Los mayores, en eso, no son tan mayores. O son unos mayores iguales que los jóvenes. “Por eso a mí no me gusta hablar de mayores, porque les sucede lo mismo que a los más jóvenes, aunque de los primeros no se habla. Han tenido tantas restricciones que provoca que ahora la vuelta la perciban de esa forma, con esas ganas de querer hacer muchas cosas y vivirlas mucho”, explica Manuel Nevado, profesor de psicología de la vejez de la Universidad Nebrija. Cambia, además, confiesa Juan, el concepto del tiempo. “Para una persona que no sabe cuánto le puede quedar es algo más importante y valioso que para otras”, secunda el psicólogo.
“Bailando, bailando/ tu cuerpo y el mío/ llenando el vacío/ subiendo y bajando/ bailando”.
Canta Enrique Iglesias.
Adrián, camarero de la sala desde hace veinte años, presume de clientela. Cuenta que le tratan como a un hijo y que como a un hijo lo abrazan y lo abrazaron también en septiembre cuando volvieron a abrir. Pinilla y Antonio, Pedro y Rosa o Tomás y Tere no son supervivientes de la pandemia, que también. Son, sobre todo, náufragos de un Madrid que no era los relaxing cups of café con leche ni las cañas en las terrazas. Un Madrid hoy casi extinguido en el que se bailaba porque habían crecido bailando, como dice Antonio, porque en esa época había sólo cine o baile.
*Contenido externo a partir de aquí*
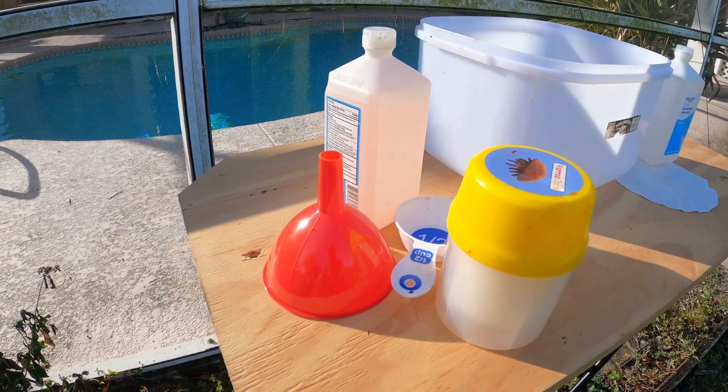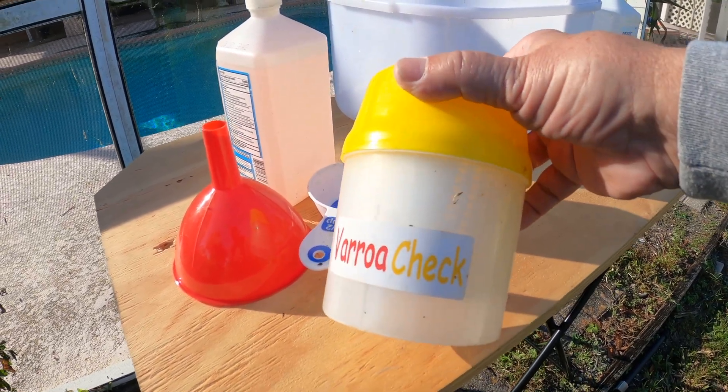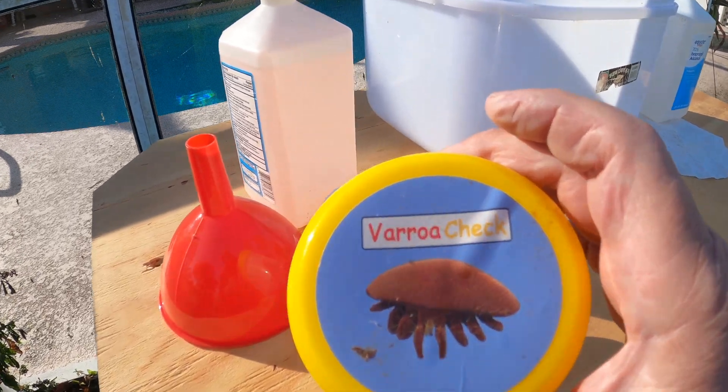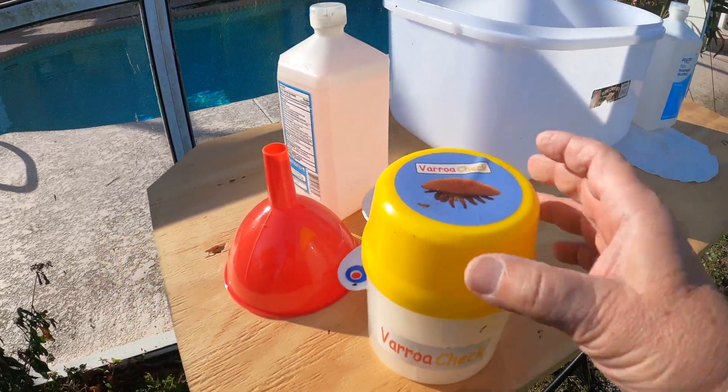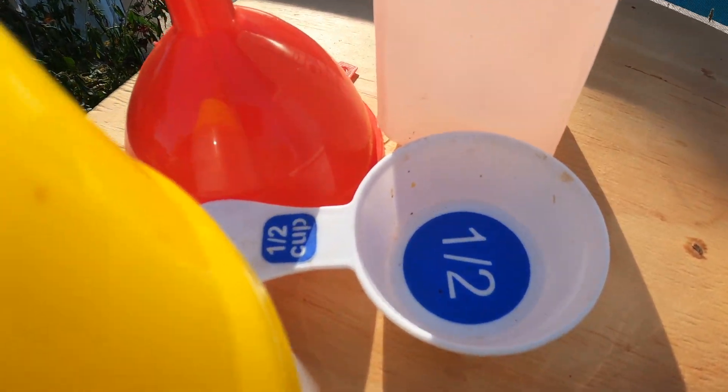Before you pull your frame, have all your equipment ready. You should have something like this Easy Checker — they're inexpensive on the internet. It has a line inside; you fill it up to the line with alcohol. They say you should use 90%, but 70% isopropyl alcohol seems to work fine. It has a scoop that holds half a cup of bees — half a cup equals about 300 bees, which makes for an accurate sample.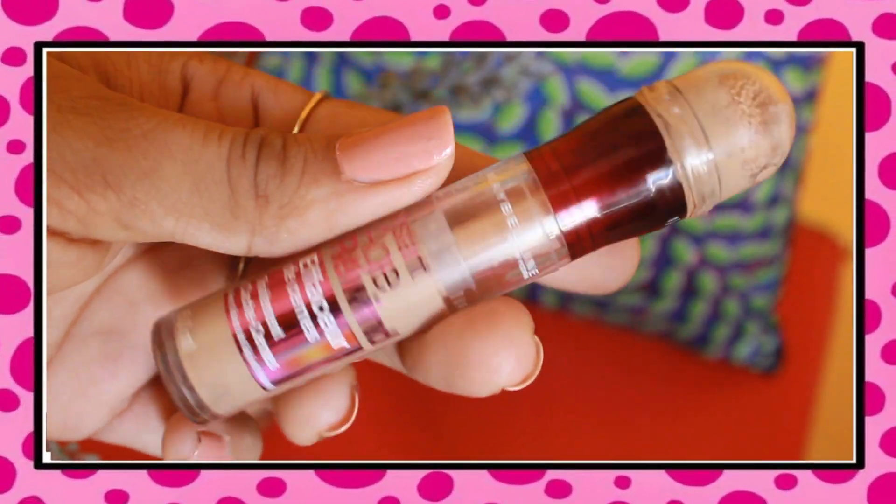Next product is concealer. I'm using Maybelline New York Instant Age Rewind Concealer and I'll just dot it around my problem areas nowhere else — I want my skin to breathe. I'll dab it all over my face using my fingers because the warmth helps with the concealer. Then I'll take a damp beauty blender and dab it all over. One suggestion: don't put concealer directly on your forehead because you give a lot of expression and concealer tends to sit on those lines. Instead, use whatever is left on your beauty blender to blend it. The blending game is exhausting but it's the game changer — you need a flawless base for flawless makeup.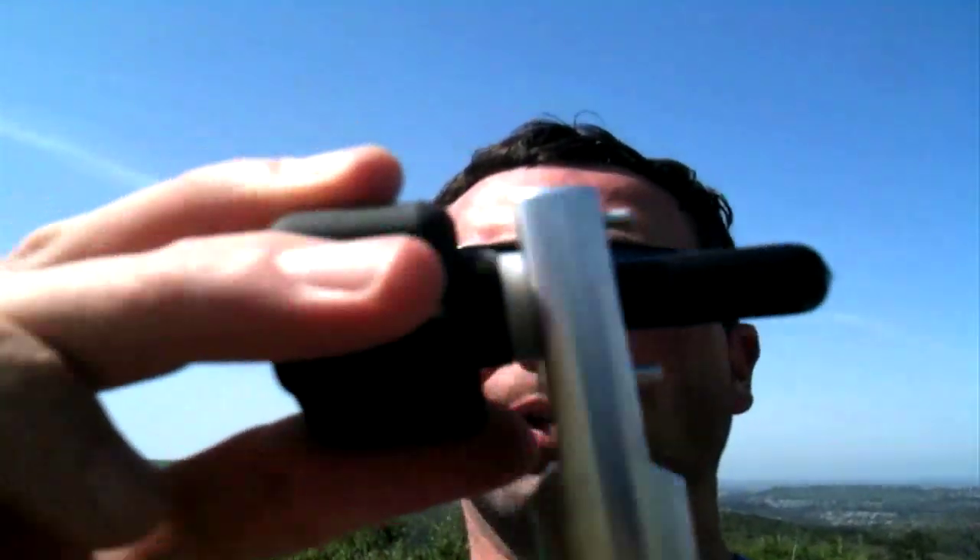Some of you are wondering how I get the counterpoise on without buying the actual buddy pole counterpoise. Get yourself one of these from the rotating arm kit — it's just a rotating arm — and basically what you want to do is take it and attach it to the VersaTee.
Un Madrid, define Pedro, “más pobre, sí, pero más limpio”. Un Madrid de salas de fiesta y de baile donde la vida se vivía en la pista. Sobre ella se enjuagan las penas y se celebran las alegrías. Ahí siguen. A esa vida han vuelto por fin. A Pinilla ver el Golden año y medio cerrado casi le da un susto peor que el de la vesícula. Y ni siquiera está vacunado. Su vacuna, dice, es el baile.